2.5. In Vitro Studies

RAW 264 cells (a mouse macrophage cell line) and 3T3-L1 MBX cells (a mouse preadipocyte cell line) were obtained from the Cell Culture Unit at the University of Granada (Granada, Spain). Cells were grown in Dulbecco’s Modified Eagle Medium (DMEM) (Gibco, ThermoFisher Scientific, Waltham, MA, USA) supplemented with a 10% heat-inactivated fetal bovine serum (FBS) for RAW 264 cells or heat-inactivated fetal calf serum (FCS) for 3T3-L1 MBX cells, L-glutamine (2 mmol/L), penicillin (100 units/mL), and streptomycin (100 units/mL) in a humidified 5% CO2 atmosphere at 37 °C.
RAW 264 cells were seeded into 96-well plates at a density of 5 × 105 cells/well and grown until the formation of a monolayer. Then, they were pre-incubated with different concentrations of LME ranging from 0.1 to 100 μg/mL for 2 h and stimulated with the lipopolysaccharide (LPS) from Escherichia coli 055:B5 (100 ng/mL) for 24 h. For negative and positive controls, untreated unstimulated and LPS-stimulated cells were used, respectively. After the stimulation period, the supernatants were harvested for nitrite determination by the Griess Assay [16]. An amount of 100 μL of cell supernatant were mixed with 100 μL of Griess reagent (0.1% N-(1-naphthy) ethylenediamine solution and 1% sulphanilamide in 5% (v/v) phosphoric acid solution, mixed in a proportion 1:1) and incubated for 10 min. A colored azolic compound was formed and its concentration was measured by a photometric measurement of the absorbance at 550 nm. Cell viability of tested conditions was evaluated by the MTS-based CellTiter 96® AQueous One Solution Cell Proliferation Assay (Promega, Madison, WI, USA), being the cellular viability estimated from the absorbance value and by comparing it with the untreated control cells.
3T3-L1 MBX cells were seeded into 6-well plates at 5 × 106 cells/well density. 2 days soon after cells reached confluence (day 0), different prodifferentiative agents (0.5 mM 3-isobutyl-1-methylxanthine (IBMX), 5 μM dexamethasone, and 10 μg/mL insulin) were added to the medium to initiate cell differentiation. After 48 h (day 2), the culture medium was changed to DMEM and 10% fetal bovine serum (FBS) contained only insulin (10 μg/mL). On day 4, the medium was replaced with DMEM and 10% FBS, and the cells were incubated for an additional 2 days until fully differentiated adipocyte-like cells were obtained. Treatment of 3T3-L1 cells with LME (10, 25, and 100 μg/mL) was initiated on day 0 and added whenever the medium was replaced. Images from 3T3-L1 cells were taken to visualize adipocyte differentiation on days 2, 4, and 6.

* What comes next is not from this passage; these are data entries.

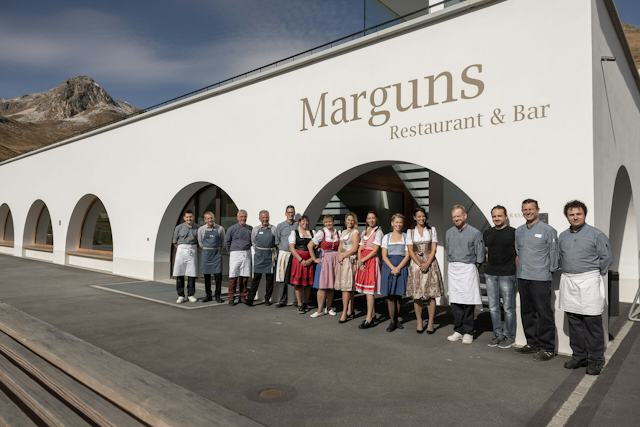 Gruppenfoto des Teams vor dem Restaurant & Bar Marguns. Mehrere Mitarbeitende stehen in Arbeitskleidung sowie teilweise in Tracht vor dem Gebäude mit grossen Rundbogenfenstern. Im Hintergrund ist ein Berggipfel des Corviglia-Gebiets zu sehen.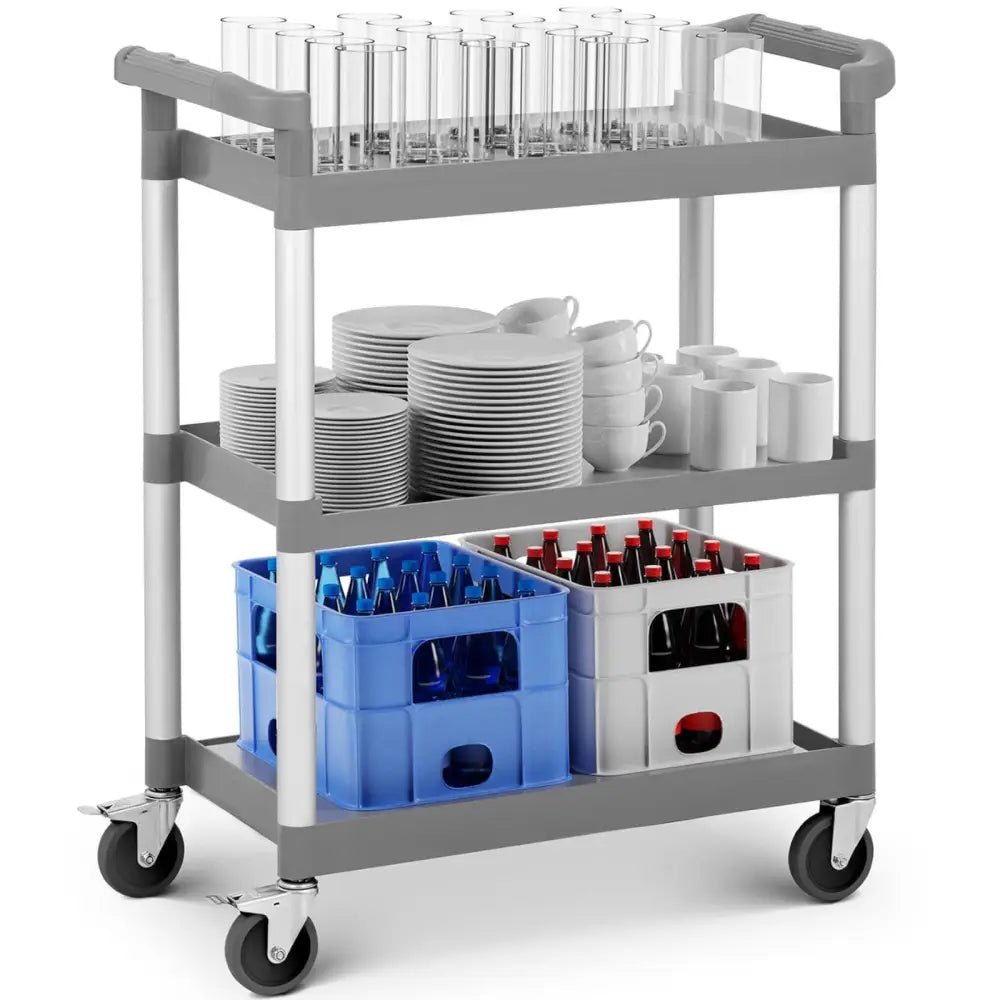 Universell vogn med tre grå plast-hyller, fylt med glass, servise og plastkasser med flasker, sett fra siden.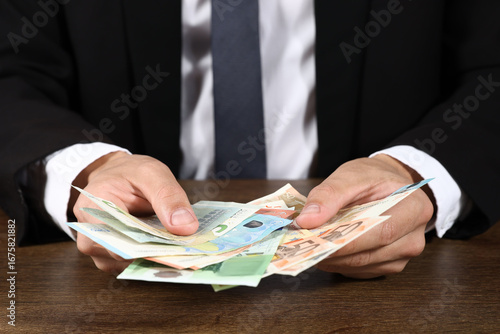 Wallpaper Mural Man with euro banknotes at wooden desk, closeup Torontodigital.ca
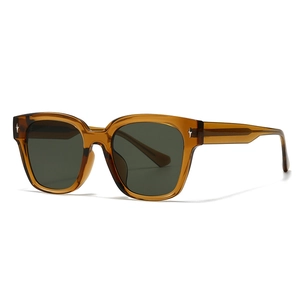 Retro amber square frame sunglasses with dark green lenses and silver star accents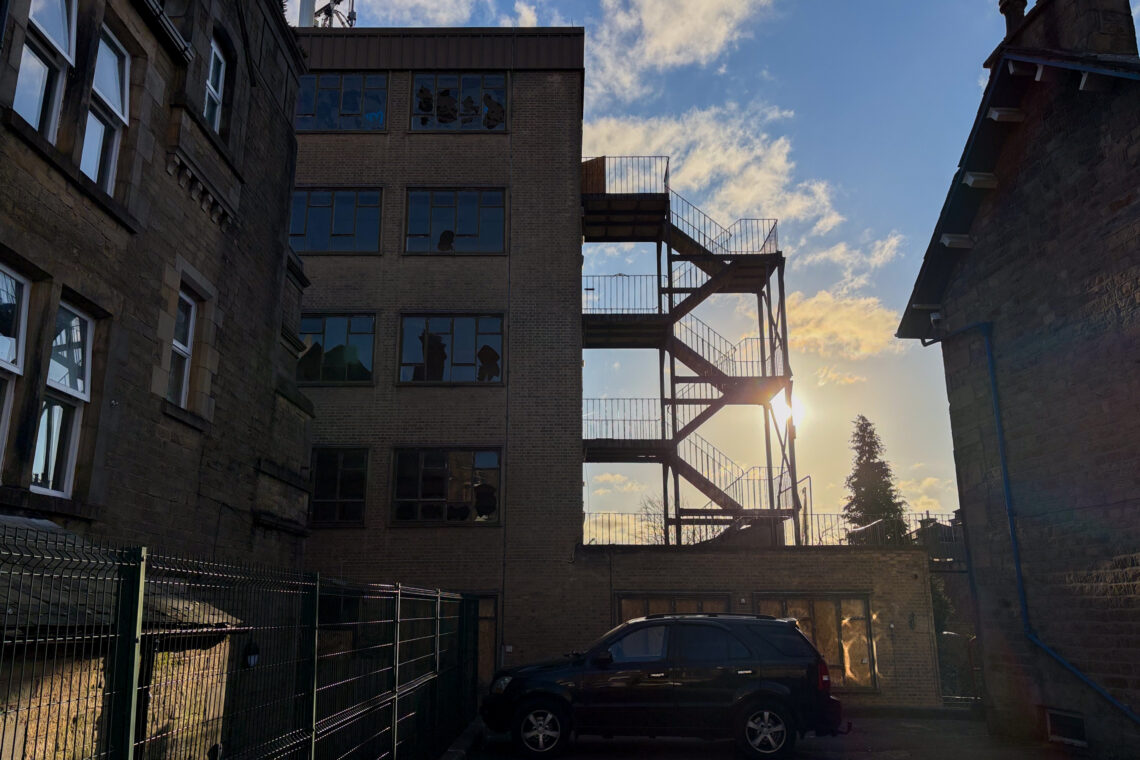 A black SUV is parked beside a fenced building. The sun is setting behind a brick building with metal staircases. Shadows and reflections are visible on the windows, and the sky is partly cloudy with yellow and blue hues.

2.6. Animals and Experimental Design

The study was carried out following the “Guide of the Care and Use of Laboratory animals” as promulgated by the National Institute of Health, and all procedures were approved by the Ethics Committee of Laboratory Animals at the University of Granada (Spain) (Ref. No. 28/03/2016/030). A total of 8-week-old male C57BL/6 mice acquired from Janvier labs (St. Berthevin, Cedex, France) were housed in Makrolon cages, kept under controlled light-dark cycles (12 h light/dark), temperature and relative humidity (22 ± 1 °C, 55 ± 10%), and with free access to tap water. They were randomly assigned to 3 groups (n = 8): control diet (CD), high-fat diet (HFD), and HFD-treated group with LME (25 mg/kg) dissolved in water by gavage during all the experimental procedures. Standard chow diet (13% calories from fat, 20% calories from protein, and 67% calories from carbohydrate; Global diet 2014) and high-fat diet (59% calories from fat, 13% calories from protein, and 28% calories from carbohydrate; Purified diet 230 HF) were purchased from Harlan Laboratories (Barcelona, Spain) and Scientific Animal Food and Engineering (Augy, France). Mice were fed the diets and treated with the extract for 30 days. Animal body weight and food and water intake were monitored, and energy efficiency was estimated as the ratio of weight gain (g) to caloric intake (Kcal). Mice were sacrificed by cervical dislocation, and liver and abdominal and epididymal fat were collected, cleaned, and weighed. Fat/weight index was calculated by dividing body weight by tibia length. The samples were frozen in liquid nitrogen and stored at −80 °C until additional analysis.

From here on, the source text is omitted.